Officials regularly cite the importance of job creation to raise people out of poverty. Assistant deputy minister for forestry, Prabianto Mukti Wibowo recently told a World Bank conference on land and poverty, that deforestation was a “rich-country concern” and that clearing forests for palm oil plantation is a “technical” matter that should not be tied up with trade discussions.
“We know that our primary customers are not concerned about deforestation,” he said.
But this type of development does not always benefit the poorest people. For indigenous peoples who live from the forest its destruction presents an existential crisis not a lifeline from the hardships of poverty.

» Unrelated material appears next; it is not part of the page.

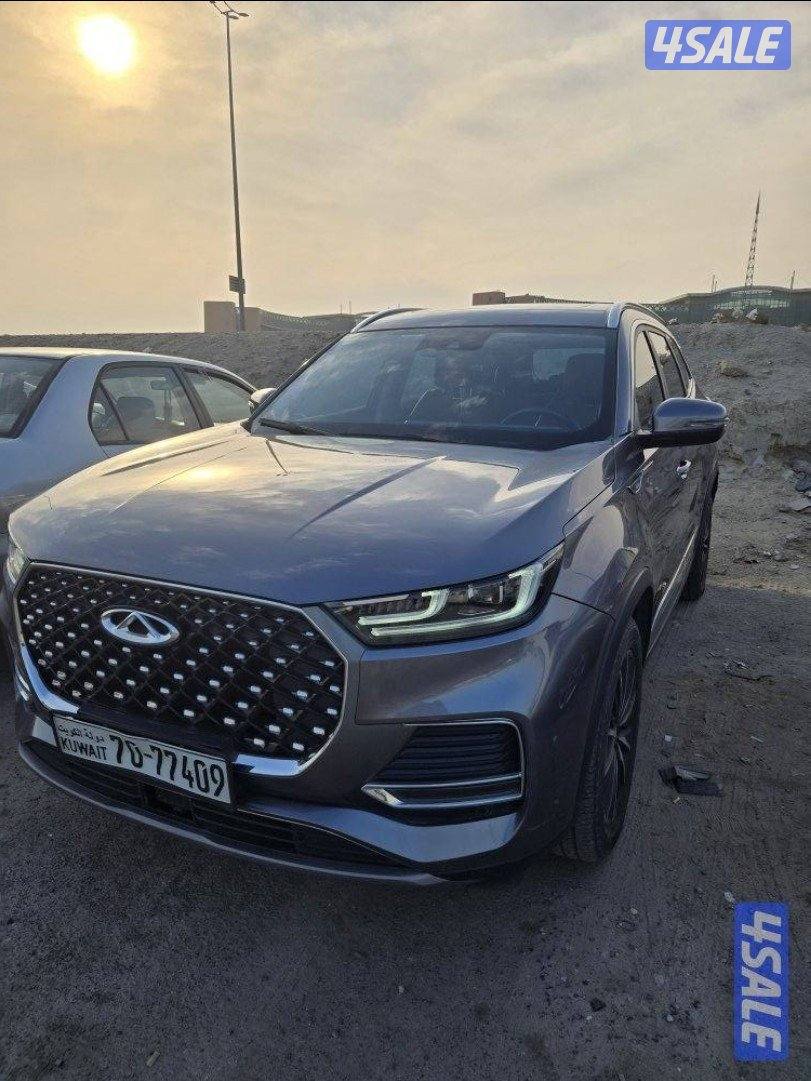 Tiggo 8 Pro Max Full1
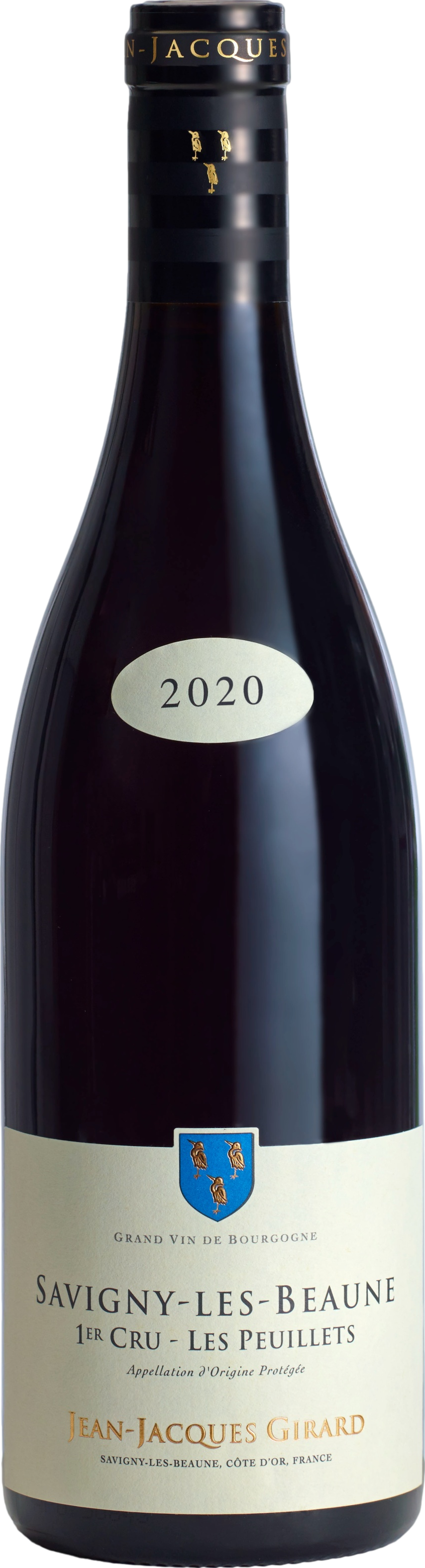 Domaine Jean-Jacques Girard Savigny les Beaune Premier Cru Les Peuillets 2020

In Pandumaan-Sipituhuta, North Sumatra, indigenous peoples featured in a recent documentary lament the loss of customary forests, and the Benzoin trees their families have relied on for livelihood for more than three centuries, that were cut down by a wood pulp producer and replaced with eucalyptus plantations.
This balancing act between development and conservation aims is being played out right now in Aceh. Environmentalists are concerned about a new spatial plan that would open up about 1.2 million hectares of forests for palm oil, timber and mining concessions in the Leuser Ecosystem (fewer than 15 000 hectares of this rezoned land would be allocated for local communities). The Leuser Ecosystem, which includes UNESCO World Heritage listed Gunung Leuser National Park and is considered to be one of the most “irreplaceable protected areas”, is reportedly the only place on earth where rare mega-fauna like tigers, rhinos, elephants and orangutans share the rainforest.
At the time of writing, a petition against the plan had attracted more than 1.3 million signatures.
The spatial plan contradicts the country’s moratorium on new forestry concessions, a discord that is complicated by the autonomy Aceh was granted in a 2005 peace deal to end separatist conflict.
It remains to be seen whether this natural forest in Aceh will be opened up to industry.
It is clear that, despite efforts at reigning in illegal loggers, double dipping companies are continuing to spur the loss of rainforests. What is unclear, however, is why it is still legal for companies to convert more forests for the sake of cheap raw material, when there is plenty of unutilised land already allocated for timber plantations.
This brings us back to the beginning. As CIFOR’s Obidzinski told The Diplomat, there is no getting around the need for plantation wood to fill the supply gap and the allocated land “should be more than enough to generate the raw material that industry needs.”
With the right policies there is room for radical improvement. With the right policies Indonesia’s remaining forests would surely breath a sigh of relief.